Liebe Leserinnen und Leser,
soviel Passionszeit wie in diesem Jahr gab es noch nie! Das Leben ist auch unter normalen Bedingungen nicht einfach; für keinen von uns. Aber dass wir alle ohne Ausnahme einem verschärften Leidensdruck – Passion bedeutet Leiden – ausgesetzt sind, gab es seit dem Zweiten Weltkrieg und den Nöten der Nachkriegszeit nicht. Selbst die Schüler, die tendenziell aufgeschlossen sind für eine Auszeit von der Schule, genießen die Zwangsferien überhaupt nicht, weil sie ja nichts machen dürfen. Unter der Situation leiden wir alle und würden daher mit größerer Aufmerksamkeit als sonst für uns als Spiegel uns die Leidensgeschichte Jesu vor Augen halten, wenn wir denn uns treffen oder in die Kirche gehen dürften...
Vor vielen Jahrhunderten hatten die Menschen in Israel ihre Passion zu bestehen, als sie mutlos die zerstörten oder nur kümmerlich aufgebauten Häuser ihrer Hauptstadt Jerusalem anschauten. Und da trat der Prophet Jesaja auf und sprach ihnen Trost zu. Sein Aufruf „Freuet euch“ hat dem Sonntag im Kirchenjahr am 22.3. seinen Namen gegeben: „Laetare“.
Jesaja verheißt Zukunft, denn Gott meldet sich in der Trauer und Mutlosigkeit zu Wort. Wie ein schreiender Säugling an der Brust seiner Mutter Sättigung und Freude erfährt, so sollen die Menschen sich laben dürfen. Freude statt Trauer, Überfluss statt Mangel, Frieden statt Streit und Krieg, Reichtum für alle Völker statt Armut bei den meisten, blühende Gesundheit statt Hinfälligkeit und Zerfall.
Jesaja verheißt eine Zukunft, die nicht von Menschen machbar ist sondern sich Gottes Wirken verdankt. Aber es ist eine Verheißung, die schon jetzt die Menschen mitnehmen will und sie auf die Grundbedürfnisse hinweist: Das Baby hat ganz einfache elementare Bedürfnisse. Mit der Milch saugt es zugleich Liebe und Wärme ein, Schutz und Geborgenheit. Für den schreienden Säugling gibt es keinen besseren Trost als die Brust der Mutter. Und genauso persönlich und elementar will unser Gott dich, mich und uns trösten. Ich will euch trösten, wie einen seine Mutter tröstet, spricht Gott.

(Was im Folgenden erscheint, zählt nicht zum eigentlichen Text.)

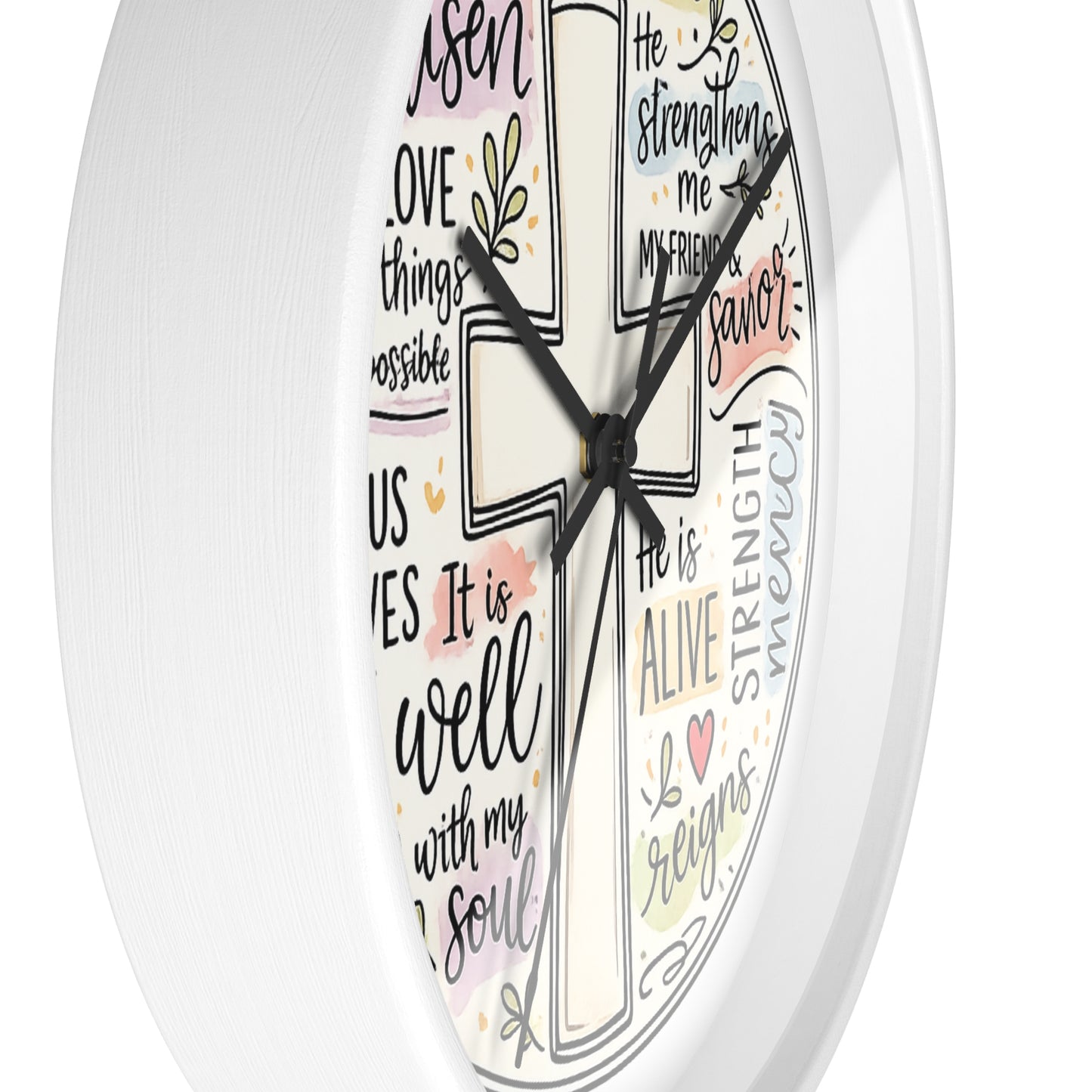 Christian Cross Wall Clock — Inspirational Scripture Quote Home Decor (He is Risen • It Is Well • Jesus Loves Me)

Gott, der in Jesus Christus mit uns und für uns leidet, ist eben nicht ein ferner Macher oder ein Patriarch aus längst vergangenen Zeiten. Er will uns Hoffnung vermitteln und uns zugleich elementar trösten wie eine Mutter – hier und jetzt. Lasse ich mich trösten? Lebe ich nicht gerade einfach und elementar?

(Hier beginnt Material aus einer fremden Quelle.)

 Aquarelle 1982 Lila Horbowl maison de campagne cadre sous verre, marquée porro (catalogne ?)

Unseren speziellen kulturellen Interessen, sportlichen Vorlieben und ausgeklügelten Hobbys können wir nicht nachgehen. Aber elementar – wie ein Säugling – zu Gott im Gebet schreien, das können wir. Wir können Nachbarn um Hilfe bitten. Wir können den Menschen, denen wir begegnen auch aus der Distanz ein Lächeln schenken. Wir können Essen und Trinken besorgen für diejenigen, die nicht außer Haus gehen können oder dürfen. Und wir können andere Menschen und uns selbst mit einem Anruf beschenken und ohne besonderen Grund elementar fragen: Wie geht es Dir? Ich will euch trösten, wie einen seine Mutter tröstet, spricht unser Gott.